Aim of the exercise = An exact, complete printout of the listing is wanted, minus its images.

Data for review =

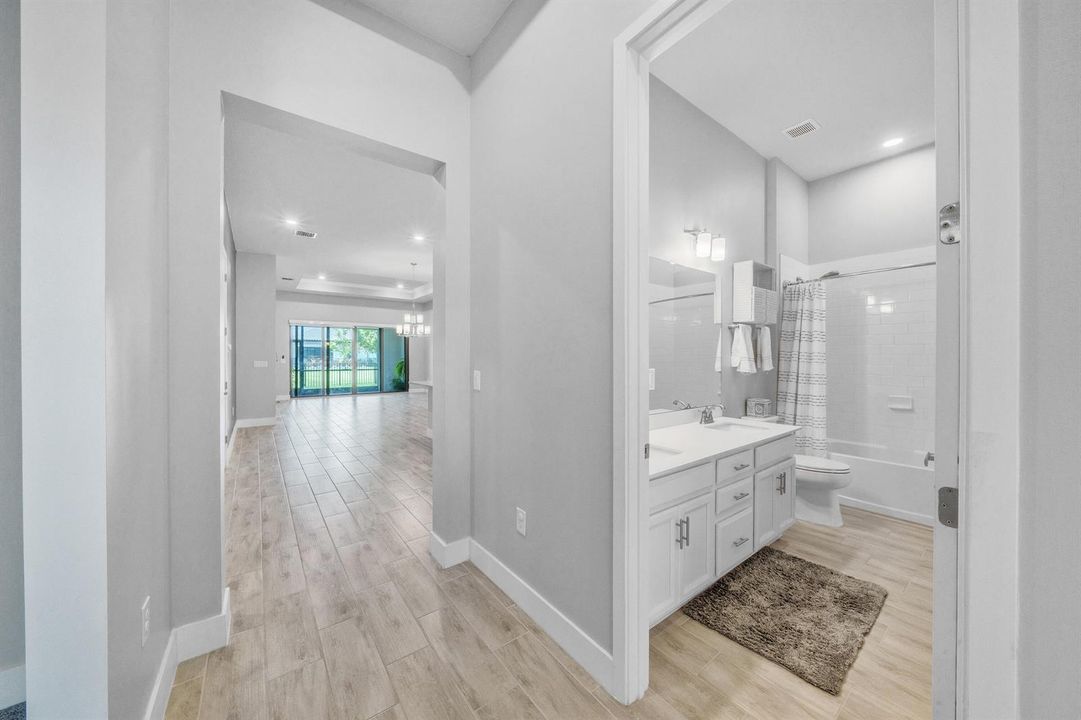 8 Foyer (1)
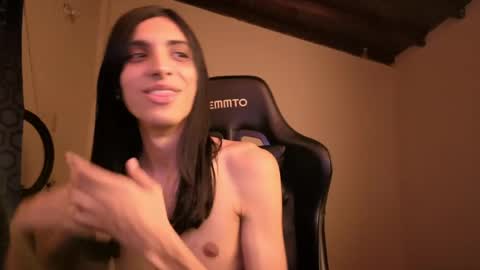 angelito tu novio online show from April 11, 2026, 3:33 am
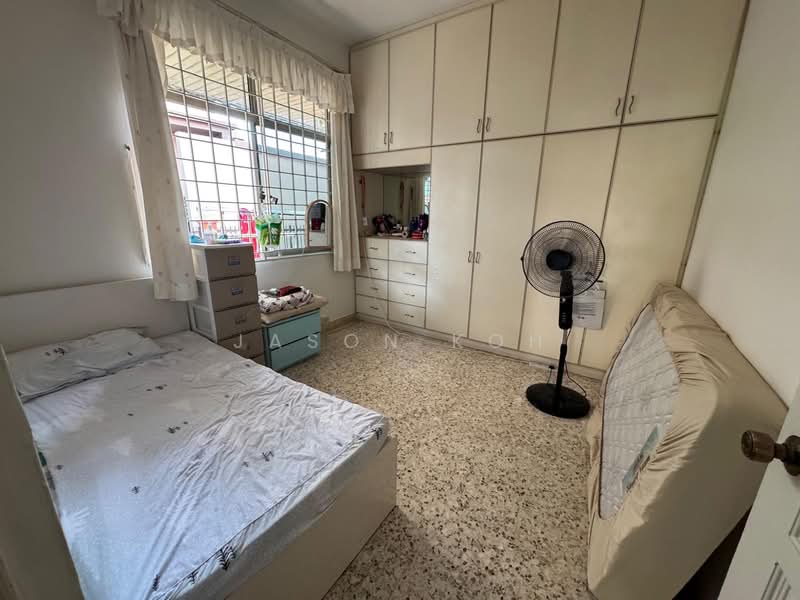 Peakview Estate, Peakville Avenue, 5 Bedrooms, 2,860 sqft, Corner Terrace For Sale, by Jason Koh, 500115127 - Bedroom - PropertyGuru.com.sg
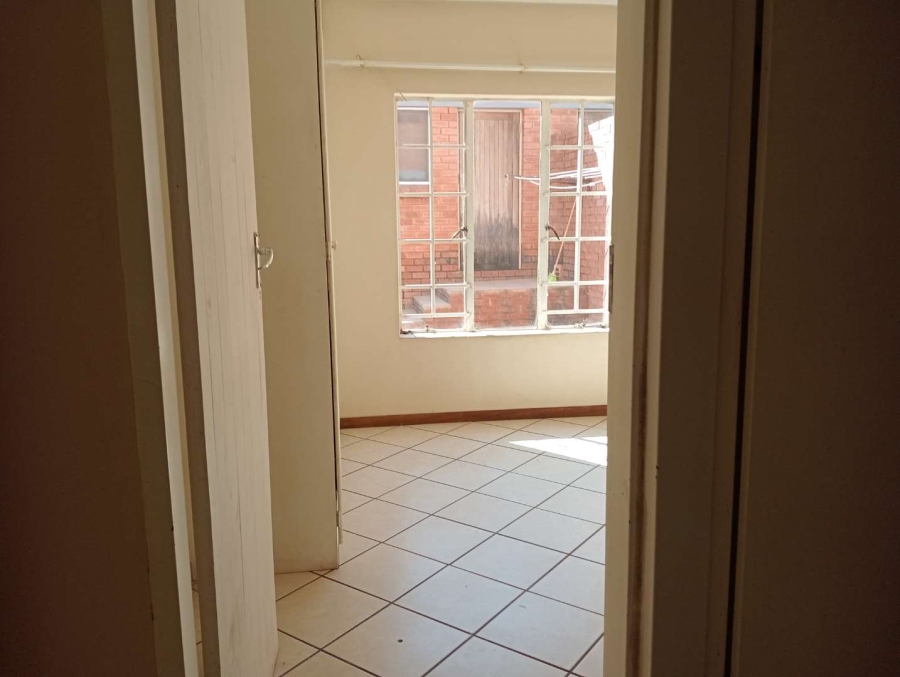 To Let 2 Bedroom Property for Rent in Die Hoewes Gauteng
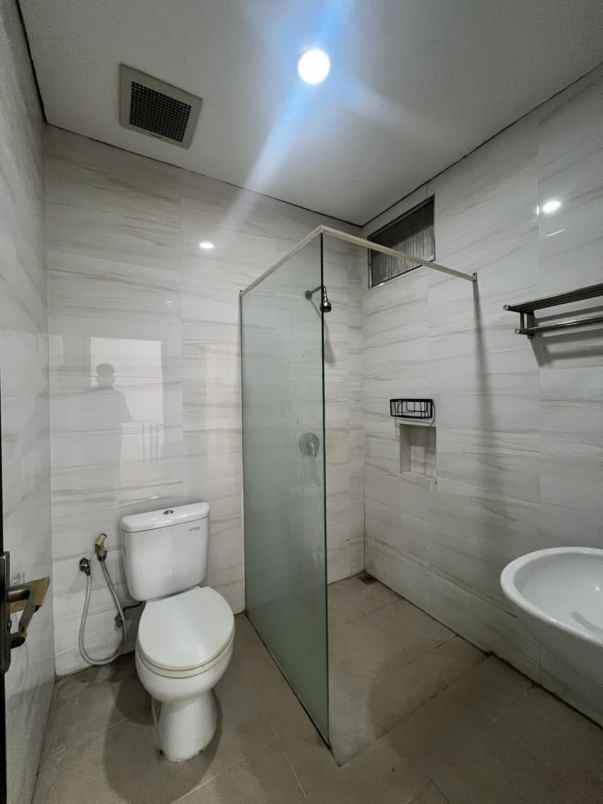 dijual rumah taman puspa raya citraland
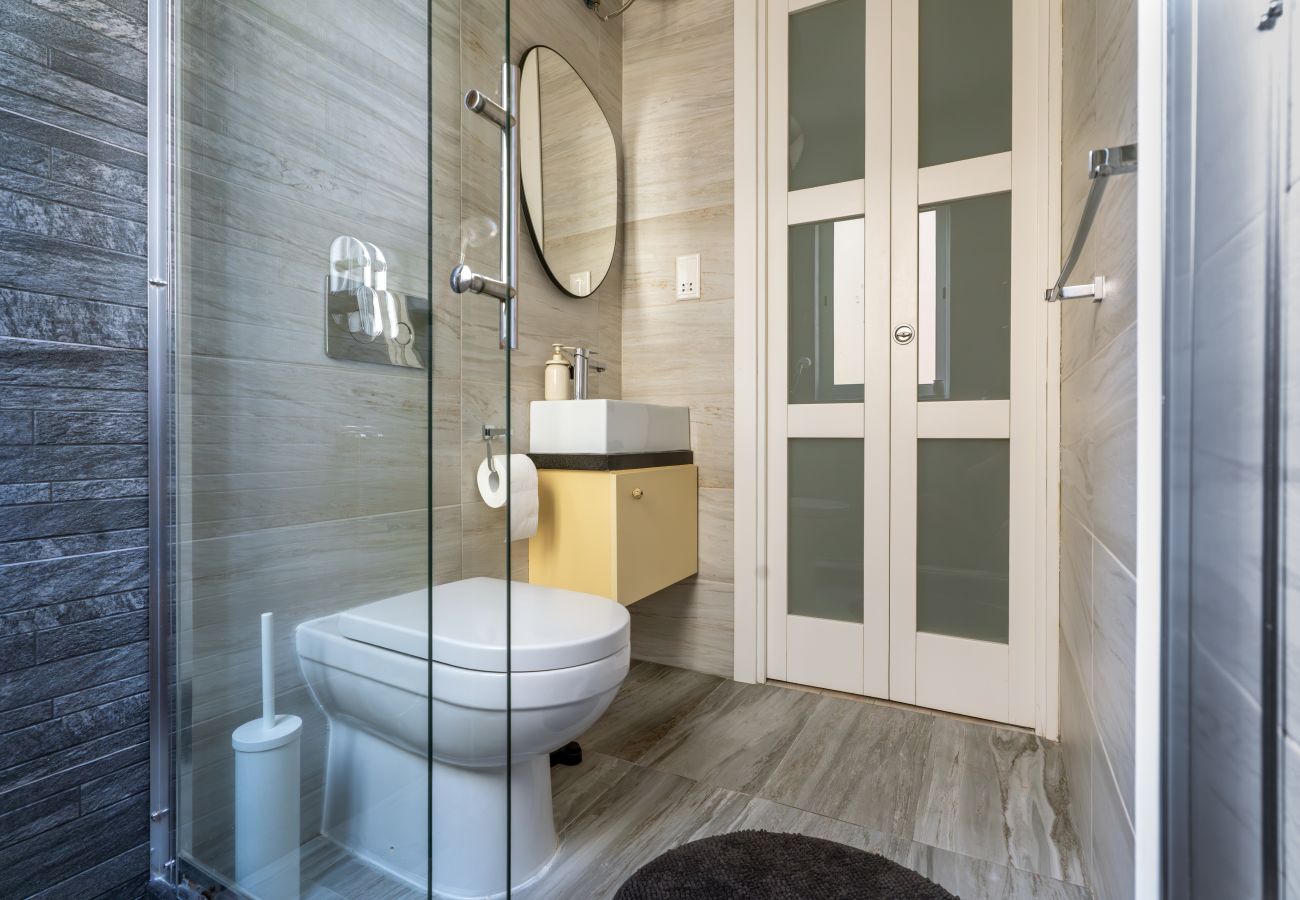 Appartement à Sliema - Chich and modern 2 bedroom with yard LDEM1-2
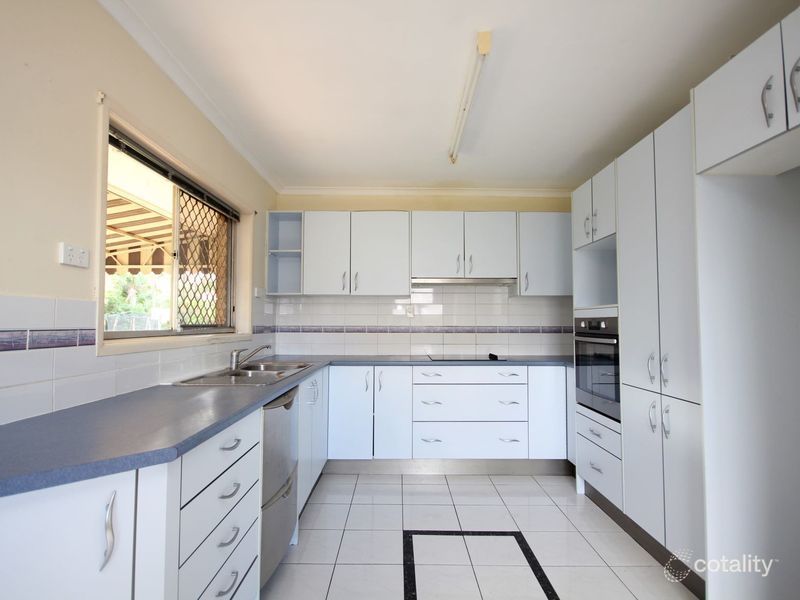 28 Veivers St, Macgregor, QLD 4109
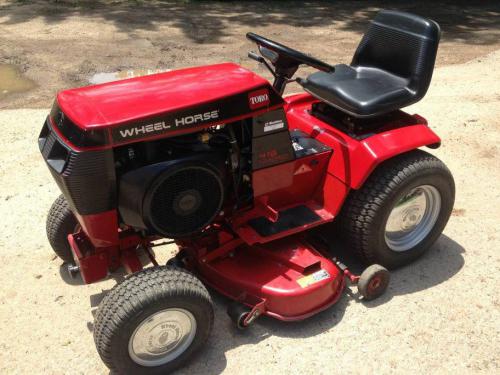 Wheel Horse lawn tractors 416-H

Solution =
 8 Foyer (1)
 angelito tu novio online show from April 11, 2026, 3:33 am
 Peakview Estate, Peakville Avenue, 5 Bedrooms, 2,860 sqft, Corner Terrace For Sale, by Jason Koh, 500115127 - Bedroom - PropertyGuru.com.sg
 To Let 2 Bedroom Property for Rent in Die Hoewes Gauteng
 dijual rumah taman puspa raya citraland
 Appartement à Sliema - Chich and modern 2 bedroom with yard LDEM1-2
 28 Veivers St, Macgregor, QLD 4109
 Wheel Horse lawn tractors 416-H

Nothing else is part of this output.